Various technical choices depend upon how we answer this problem (the role of URLs; mechanisms for allowing user choice or automatic detection), but maybe even content or the user journey are impacted. And the decisions over user choice, sources and technology will affect each other.
In terms of technology, for instance, unprompted client-side detection of window size (as would be used to perform media queries for a responsive design) is one option, whilst server-side detection of user agent properties is another (perhaps directly determining what rendition is shown; or else offering the user a choice that is saved as a cookie or redirects them to another URL).

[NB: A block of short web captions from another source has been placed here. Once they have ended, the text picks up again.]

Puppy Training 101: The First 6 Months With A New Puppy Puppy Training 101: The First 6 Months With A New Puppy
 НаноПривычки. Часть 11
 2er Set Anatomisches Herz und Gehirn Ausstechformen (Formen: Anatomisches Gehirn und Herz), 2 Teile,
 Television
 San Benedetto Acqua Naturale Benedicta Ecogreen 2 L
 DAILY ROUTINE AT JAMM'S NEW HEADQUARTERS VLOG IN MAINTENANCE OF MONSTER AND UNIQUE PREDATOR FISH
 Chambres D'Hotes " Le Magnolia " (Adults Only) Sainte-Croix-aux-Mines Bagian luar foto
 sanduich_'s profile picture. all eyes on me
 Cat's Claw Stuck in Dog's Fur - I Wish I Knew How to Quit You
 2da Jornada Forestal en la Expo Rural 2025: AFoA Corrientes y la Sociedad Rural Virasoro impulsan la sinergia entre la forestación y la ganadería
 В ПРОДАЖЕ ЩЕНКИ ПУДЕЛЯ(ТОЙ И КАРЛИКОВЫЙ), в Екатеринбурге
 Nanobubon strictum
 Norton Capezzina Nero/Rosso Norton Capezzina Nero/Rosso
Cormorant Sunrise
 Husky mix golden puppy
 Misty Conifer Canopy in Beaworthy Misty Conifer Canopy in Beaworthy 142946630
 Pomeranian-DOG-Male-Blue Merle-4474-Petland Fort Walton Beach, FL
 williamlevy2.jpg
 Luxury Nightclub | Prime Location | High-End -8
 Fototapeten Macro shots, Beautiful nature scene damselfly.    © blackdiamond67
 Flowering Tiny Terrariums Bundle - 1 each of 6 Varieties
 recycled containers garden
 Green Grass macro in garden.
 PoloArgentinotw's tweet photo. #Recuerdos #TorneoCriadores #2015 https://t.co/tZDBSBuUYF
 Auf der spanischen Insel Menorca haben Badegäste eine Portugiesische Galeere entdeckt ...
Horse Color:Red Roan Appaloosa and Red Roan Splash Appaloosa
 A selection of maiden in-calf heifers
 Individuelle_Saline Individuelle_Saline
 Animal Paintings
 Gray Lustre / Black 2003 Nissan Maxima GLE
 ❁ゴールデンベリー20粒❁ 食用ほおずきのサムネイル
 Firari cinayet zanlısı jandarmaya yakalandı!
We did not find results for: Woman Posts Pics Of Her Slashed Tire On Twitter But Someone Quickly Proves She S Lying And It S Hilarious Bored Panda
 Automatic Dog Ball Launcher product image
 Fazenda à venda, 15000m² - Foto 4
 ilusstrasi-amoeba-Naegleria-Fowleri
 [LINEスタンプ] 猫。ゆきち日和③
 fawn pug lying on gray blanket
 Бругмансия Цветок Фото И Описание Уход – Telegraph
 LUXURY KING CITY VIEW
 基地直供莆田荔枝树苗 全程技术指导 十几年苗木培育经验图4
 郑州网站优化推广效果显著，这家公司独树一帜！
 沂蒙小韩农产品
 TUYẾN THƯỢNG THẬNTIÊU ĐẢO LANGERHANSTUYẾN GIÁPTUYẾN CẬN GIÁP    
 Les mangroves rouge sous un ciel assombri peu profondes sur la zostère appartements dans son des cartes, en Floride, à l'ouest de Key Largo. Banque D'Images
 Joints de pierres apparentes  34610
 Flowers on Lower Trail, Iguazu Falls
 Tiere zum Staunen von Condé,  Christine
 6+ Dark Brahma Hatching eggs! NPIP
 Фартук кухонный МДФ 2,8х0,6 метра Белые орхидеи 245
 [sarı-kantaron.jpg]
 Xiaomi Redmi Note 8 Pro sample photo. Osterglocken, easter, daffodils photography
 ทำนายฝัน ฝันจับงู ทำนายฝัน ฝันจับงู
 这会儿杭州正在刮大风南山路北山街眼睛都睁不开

Problem 2: What to show differently

Problem1 concerned identifying the important dimensions of difference (devices, tasks) and how much we should try to work this out on behalf of users or leave it to them. Once that choice is made comes the question of what should actually be different about the different renditions of a site to (hopefully) adapt the experience to users’ needs.

Informing considerations

Users and the tasks they wish to accomplish (again) - if we decided in Problem 1 that tasks were important in determining the selecting rendition that probably means renditions will differ along the dimension of tasks too. Form factors & device capabilities. Accessibility. Location (might we change the content according to where the user is?).

Consequences

User experience and design. Delivery of media. If we choose to focus on facilitating different tasks for different platforms, then information architecture, content and functionality may also be affected.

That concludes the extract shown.